My wife's 2012 Cruze LS(?) with Ecotech had a few issues:

hard starting after gas fill-up 
sometimes erratic idle 
Stabile-trac warning on dash appearing often 

After doing some online (thanks to those who posted) research and talking to ASE-certified mechanic (brother) I decided to change the vapor canister purge valve. It is located on the top, rear of engine, towards the left (when looking at the engine), see photo. I checked the OBD2 codes before changing the purge valve. The purge valve replacement is a 
*ACDelco 214-2317 GM Original Equipment Vapor Canister Purge Valve, made by Bosch, acquired from Amazon for under $18.*


On 2012 Cruze: 5 codes on OBD2 using Actron scan tool 

P015B: O2 sensor delayed response, lean too rich Bank 1 sensor 1 "confirmed" 
 P0171 (3 of them): Bank 1 System too lean "confirmed" 
P2270: Oxygen sensor signal stuck lean Bank 1 Sensor 2 "confirmed" 

The P0171 code also returned as "permanent" on my code scanner.

After changing the purge valve, NO CODES! Woohoo, success  The car was driven about 35 miles, suburban street driving, no codes have reappeared.


----------



## larzman (Jan 19, 2016)

quick update Jan. 30: over 300 miles put on since purge valve replacement, no check engine warnings have returned. No Stabile-trac warnings, and car was fully refueled and started normally.


----------



## TheRealHip (Sep 1, 2014)

Nice.


----------



## rudeboybelize (Aug 5, 2012)

Did you buy just the canister or the canister with hose attached ??

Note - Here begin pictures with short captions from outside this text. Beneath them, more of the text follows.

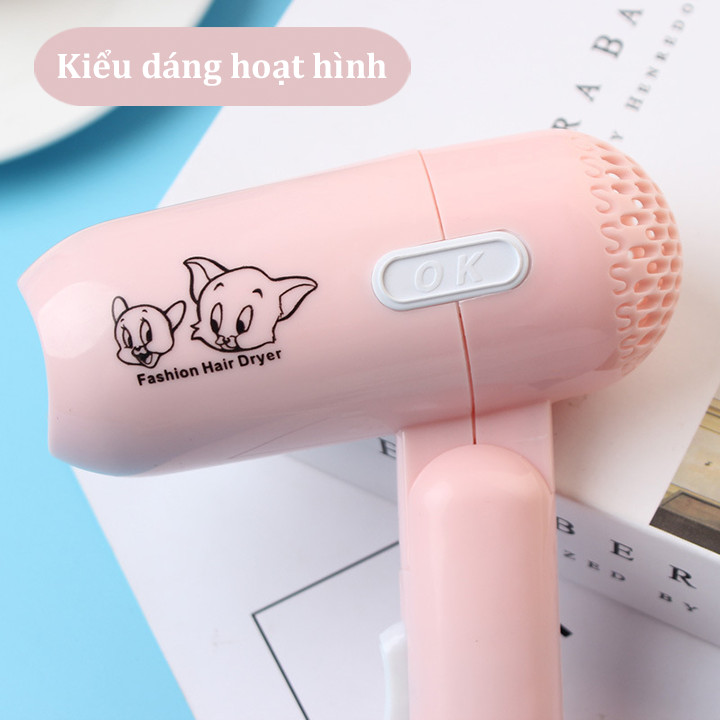 Máy sấy tóc mini 2 chế độ 400W hoạt hình - màu ngẫu nhiên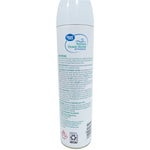 Rear view of Great Value Tranquil Ocean Waves aerosol can showing directions, warnings and small recycling and hazard icons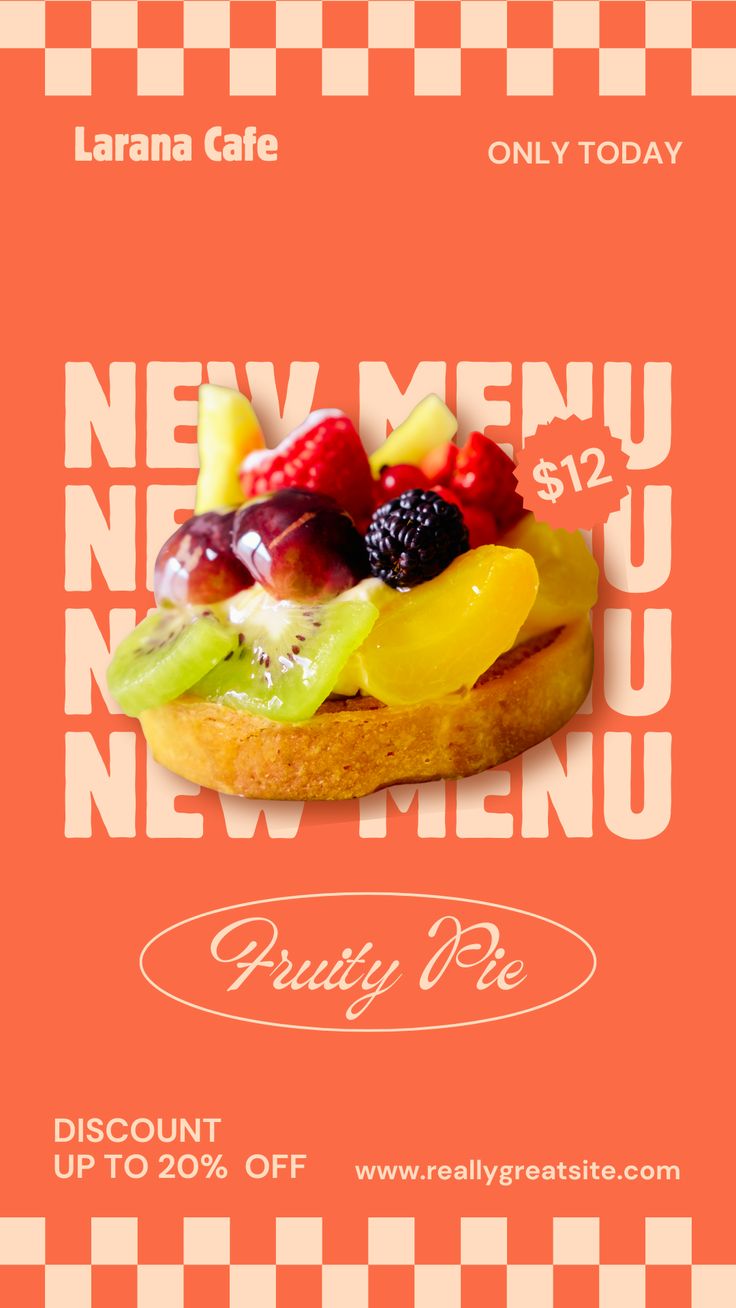 an advertisement for a new menu with fruit on the top and below it's name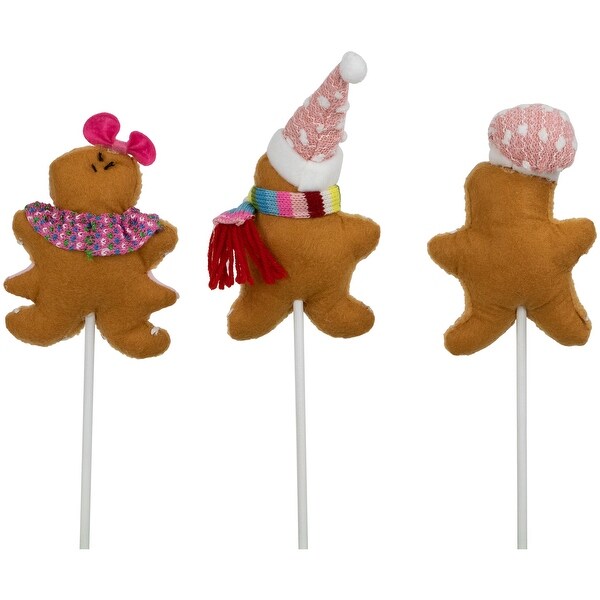 Set of 3 Plush Gingerbread Christmas Picks 10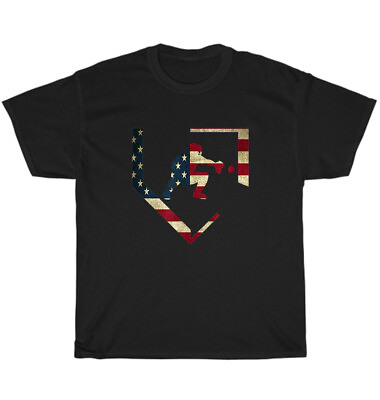 #ad High School Baseball Catcher Gear American Flag Sports Lover T Shirt Unisex Gift $17.99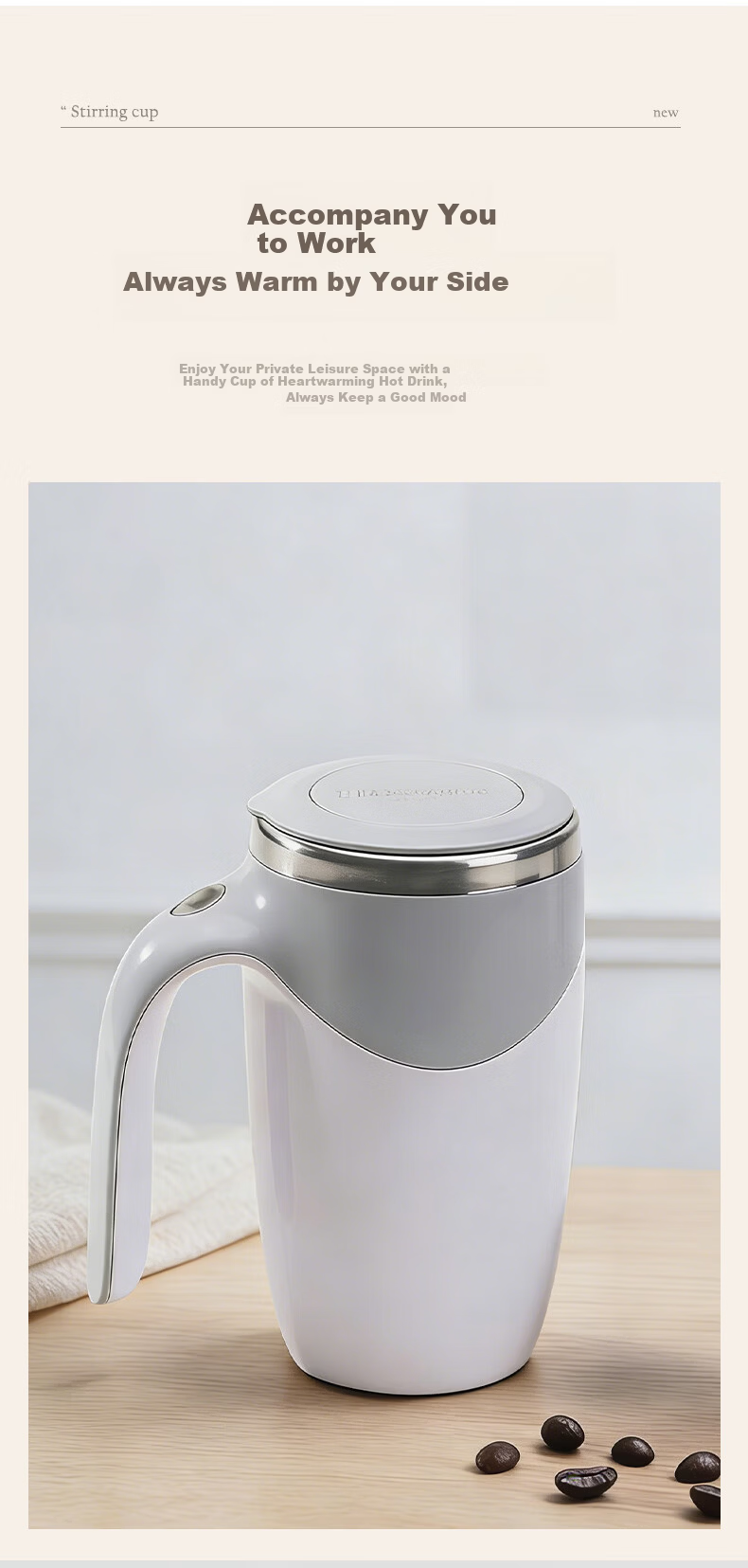 IJARL Automatic Stirring Cup Electric Coffee Mug Magnetic Electric Grinding Cup Rechargeable Gray White 3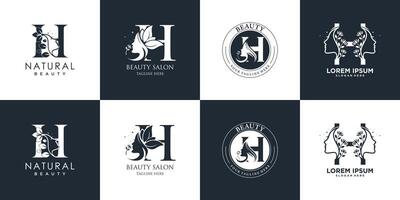 brief logo h ontwerp verzameling met natuur schoonheid concept premie vector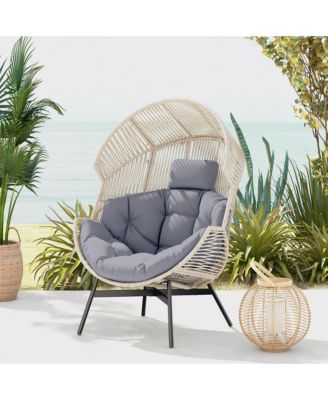 Oversized Egg Style Chair with Cushions & Headrest Heavy-Duty Metal Frame for Yard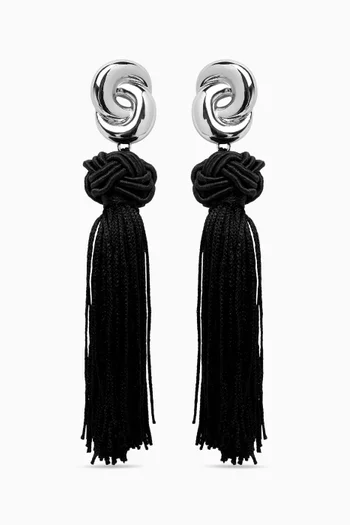 Solstice Knot Tassel Earrings in Rhodium-plated Brass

I've been having the same problem and tired of dealing with the dealership witch says the problem is normal and how the car operates 

Did you remove the negative battery cable first 

Then unclip the sensor and hoses ?? 

Any help would be great 
Thank you for the post I've been searching for a while on something that would fix my issue 

SHOUT OUT to CRUZETALK Members the only reason my car is still on the road


----------



## rudeboybelize (Aug 5, 2012)

Well I Bought the part and installed it wasn't as hard as I though didn't save any $$ just picked it up from the dealership well see how it goes im draining the car of electrical charge now... also as I was going about removing my negative cable I saw that my oil cap was sitting lob sided I removed and saw the rubber o ring was crushed on one side picked up a new one and schedule to have a pcv valve check or replaced since it clearly show that oil was getting pushed out past the oil cap **check those o rings on the oil caps* another member on here I believe found replacement o rings if you don't want to buy the entire cap


----------



## cmanus (Jun 29, 2021)

rudeboybelize said:


> Did you buy just the canister or the canister with hose attached ??
> 
> I've been having the same problem and tired of dealing with the dealership witch says the problem is normal and how the car operates
> 
> ...


I have bought three Purge flows. Not to mention a catalytic converter amongst other things.. I am still having nothing but problems and carbon buildups and it goes like it's idling rough with a miss. I've been dealing with his car for 4 years with the same problem. Start reporting these problems to GM. I am almost at the attorney general because my car hasn't been right and will not be right because it causes internal damage the dealership cannot even track the problem down they've had my car for 2 months and this is the third trip to the dealership. These cars are lemons. I got a Chevrolet Cruze 1.4 L turbo 2013 model


----------